We should note parenthetically, as well, that the self-direction–conformity items in the Kohn scale may be suffering some contamination as a consequence of the popularization of the developmental childrearing literature since the items were first constructed. We shall come back to this point shortly. It is also true that the self-
direction versus conformity scale is related to but not identical with achievement motivation.

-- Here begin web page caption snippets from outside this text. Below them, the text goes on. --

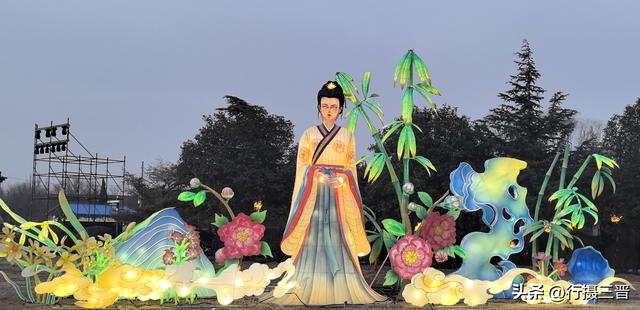 舜帝花海——邂逅一场别具一格的视觉盛宴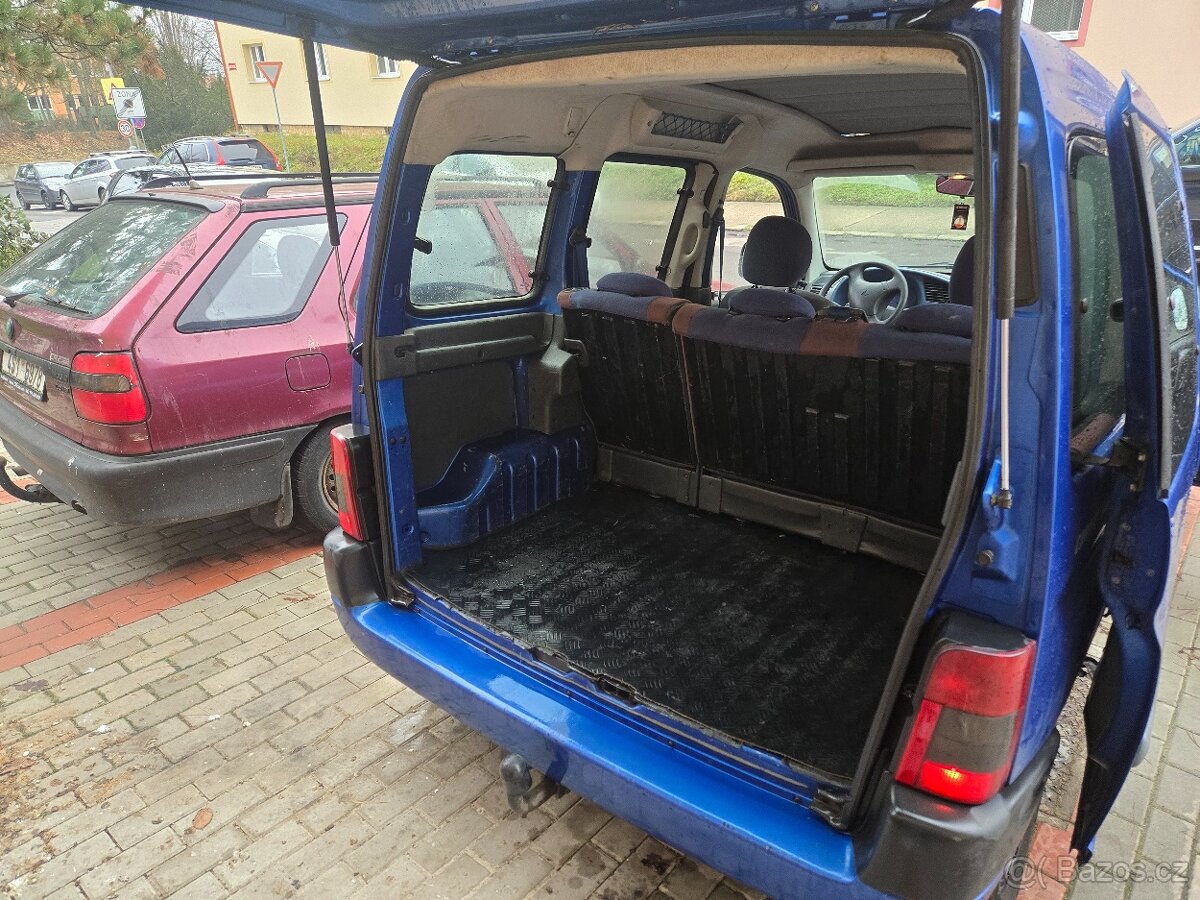 Citroën berlingo - 4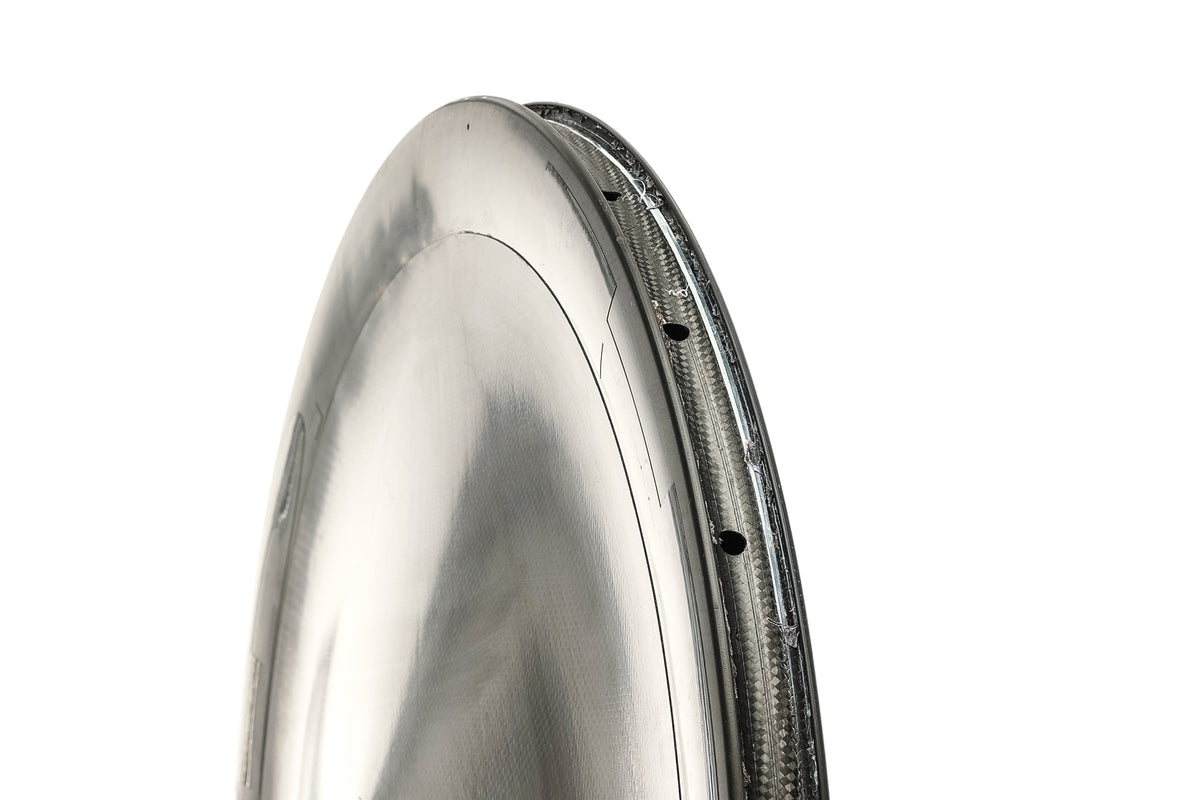 HED Vanquish RCD Disc Carbon Tubeless 700c Rear Wheel | The Pro's ...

In connection with sibsize influence on parental attention and interaction with children, an important effort at estimating the sibsize effect on time spent with children has been made by Peter Lindert (1978). Lindert used the basic data from the Cornell–Syracuse time-budget study of 1296 Syracuse families in 1967–1968. Lindert's analysis of these data is ingenious and described in detail in his book. Here we will simply note that a major finding is that the total amount of time parents spent on children was primarily a function of the ages and numbers of children, rather than of parental characteristics such as education, woman's labor force participation, mother's age, or father's socioeconomic status. These background variables turned out to be statistically insignificant when it came to time inputs. Hence, although parents of higher socioeconomic status and education spent more time per child, this was because such parents had fewer children.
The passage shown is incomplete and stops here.